The sailboat that thought it was a submarine
In my late teens, I purchased a small sailboat from a neighbor. However, because of a bad design of the joint between the hull and he deck, it had a nasty tendency to take on water.
The sailboat was fiberglass using wood for some of the internal structure. That was a fairly typical design at the time. The problem was that over time, the fiberglass at the joint between the hull and deck cracked. The result was that as you were sailing, one side was generally ‘wet’. The water would be gradually absorbed into the wood and then fill the space between the hull and deck.
When you gained enough water, the sailing characteristics began to take on all the grace of a drunken overweight elephant. At some point, the bow would go through a wave and not come back up. I had to sail with the deck awash. With any luck, there would be an island within a half mile or so. I could then sail to the island and drag the boat up. Undoing the drain plug in the stern would let out about 20 gallons of water or so.
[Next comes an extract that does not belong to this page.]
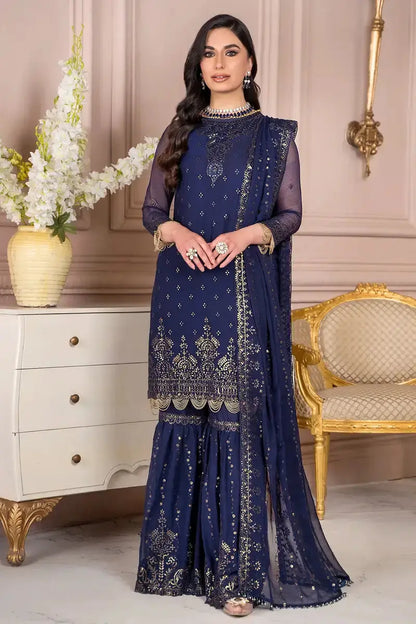 Zarif | Afreen Formals | ZA 05 ADMIRAL - Pakistani Designer Dress - by Zarif | Type: Formal - 100% Original at Saira Sultan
At that point, it was best to head back home since the wood would be saturated and the rate of water intake would be drastically increased.
Even so, I would sail her across the bay from North Beach Haven to West Creek and, thankfully, back.
One time, a friend and I decided to sail to West Creek. We threw a six pack of Heineken and ice into the cockpit and started sailing. As time went on, the sailing characteristics decreased. It wasn’t the warmest day and we were both starting to shiver. We had a couple of peanut butter bars and ate those hoping that would give us enough energy to warm up a little. (of course, the cold beer we had didn’t help). It took a while to come about at West Creek for the sail home. The boat was handling like a blind stoned pig and with the low tide we were running aground. That necessitated raising the centerboard which made handling even worse. We finally got headed in the right direction and sailed home…. It took longer to get home because we had to make about 3 stops to drain the hull.
Given the sailing characteristics of that boat, I named her “Wahoo” after a WWII Submarine.